La barre monte d’un cran pour le cinéma égyptien – Adel Adeeb
Par Bhamati Viswanathan
Adel Adeeb derrière la caméra.
(Photos : Good New Group)
Cet article est un condensé du portrait du réalisateur égyptien Adel Adeeb tracé pour le Creative and Innovative Economy Center de la Faculté de droit de l’Université George Washington par Bhamati Viswanathan. Cette dernière, qui rédige actuellement sa thèse de doctorat à l’université de Pennsylvanie, y parle en particulier de l’habileté d’Adel Adeeb à trouver des capitaux pour financer ses projets.
Connue pour être solidement établie et particulièrement prospère, l’industrie cinématographique égyptienne traverse néanmoins une période de mutation rapide et d’incertitude. Bien que ses films, traditionnellement des productions à grand spectacle toujours attendues avec impatience par le public local, soient les plus courus du monde arabe, le cinéma égyptien est confronté en permanence à de nouveaux défis.
La préoccupation première des réalisateurs de films égyptiens est la recherche de financement. Il devient en effet de plus en plus difficile de faire face à la montée irrépressible des budgets de production, alimentée par un vedettariat solidement implanté parmi les acteurs égyptiens et des coûts techniques et de main‑d’œuvre en constante augmentation. Bien que les canaux de distribution soient toujours plus diversifiés – recettes des salles, droits de télévision et, à plus long terme, recettes connexes (DVD, DHD, etc.) – les revenus d’exploitation des films connaissent une croissance limitée et ne se réalisent pleinement que pour les films à grand succès.

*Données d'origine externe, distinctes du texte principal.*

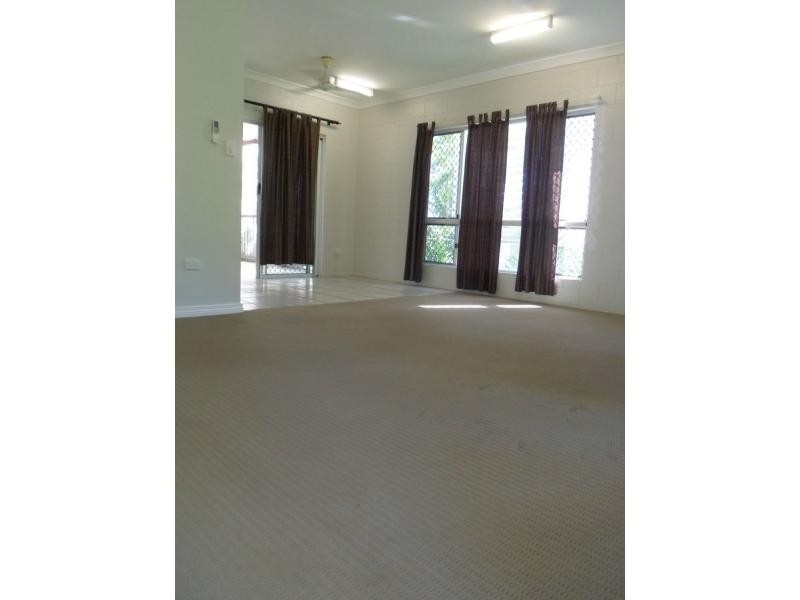 8 Blue Ridge Avenue, Wulguru QLD 4811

L’importance des mises de fonds initiales et le caractère aléatoire des rendements ont fait que les cinéastes égyptiens sont depuis longtemps limités à un petit nombre de producteurs aux poches bien garnies, ayant accès à des sources de financement diversifiées et bénéficiant d’une solide assise dans le domaine. Le cinéma égyptien est ainsi profondément modelé par quelques figures majeures qui, souvent, jouent à la fois le rôle de créateur, de producteur, de distributeur, de promoteur, et même de responsable des licences ou des droits secondaires.
Vision créatrice
Adel Adeeb est l’une de ces figures. Élevé dans l’une des grandes familles dynastiques du cinéma, il a fait sa place, petit à petit, dans de multiples activités. Il a notamment fondé Good News Group, une entreprise extrêmement prospère et respectée basée au Caire qui regroupe plusieurs sociétés de communication multimédia dans les domaines de la presse, de l’édition et de l’Internet. C’est toutefois dans le domaine de la production cinématographique que le groupe s’est le plus particulièrement distingué, en sachant produire des films exceptionnels, accueillis avec autant d’enthousiasme par le public que par la critique.

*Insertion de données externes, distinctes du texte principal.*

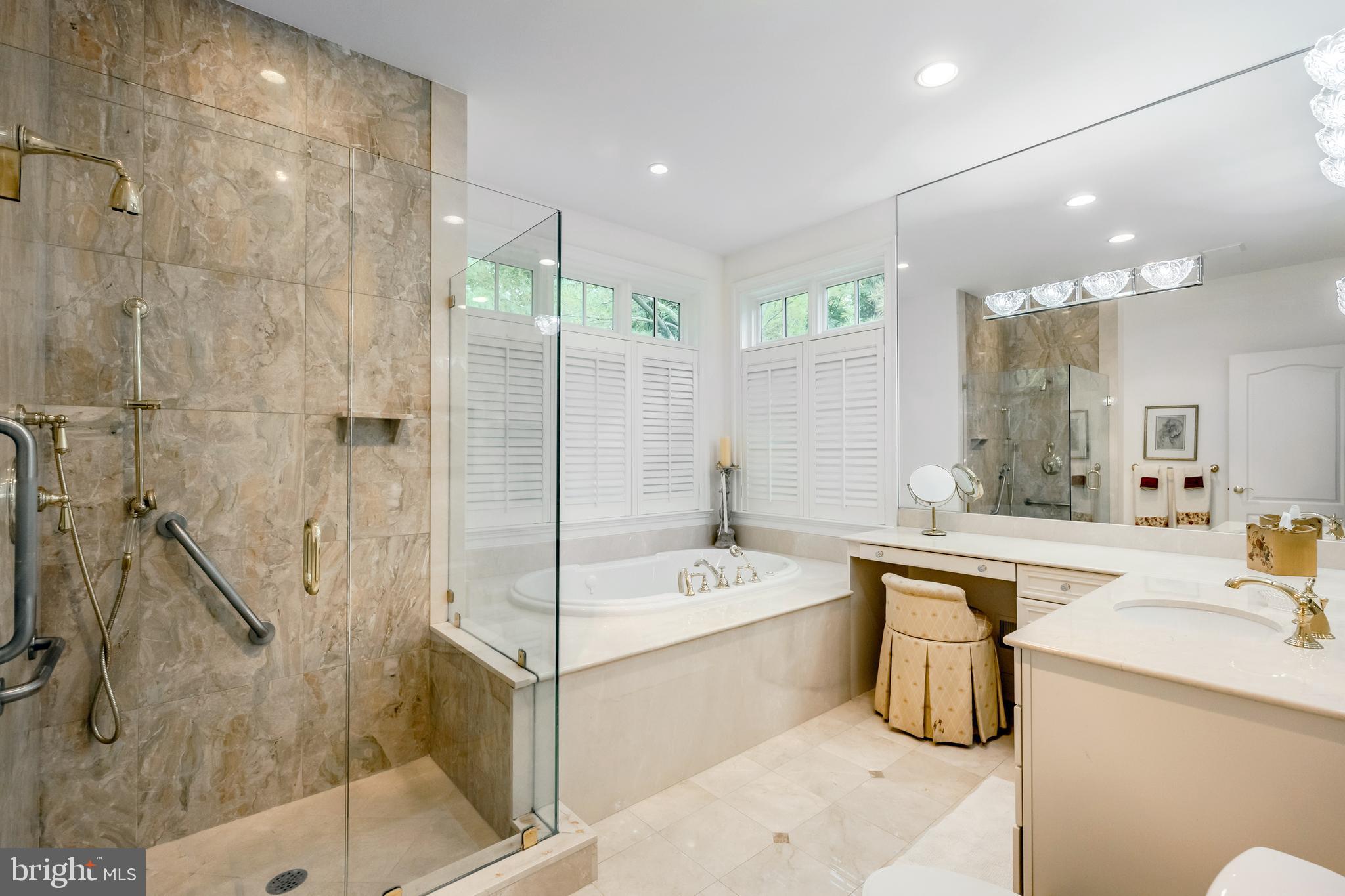 820 Harriton Rd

Trois des plus récentes productions d’Adel Adeeb ont connu des succès retentissants. L’Immeuble Yacoubian, adaptation du roman à succès de l’Égyptien Alaa el‑Aswany, le premier film égyptien de tous les temps à être mis en nomination pour un Oscar, a mobilisé des moyens internationaux alors qu’il était encore en cours de tournage. Le film pose un regard hautement artistique sur la vie et les difficultés de divers personnages de la société égyptienne et aborde avec une grande sincérité un certain nombre de problèmes de l’Égypte contemporaine. Morgan Ahmed Morgan est une saga familiale racontée avec un habile mélange de drame et de comédie, tandis que Baby Doll Night présente un sujet provocant d’une manière jamais encore tentée par le cinéma égyptien.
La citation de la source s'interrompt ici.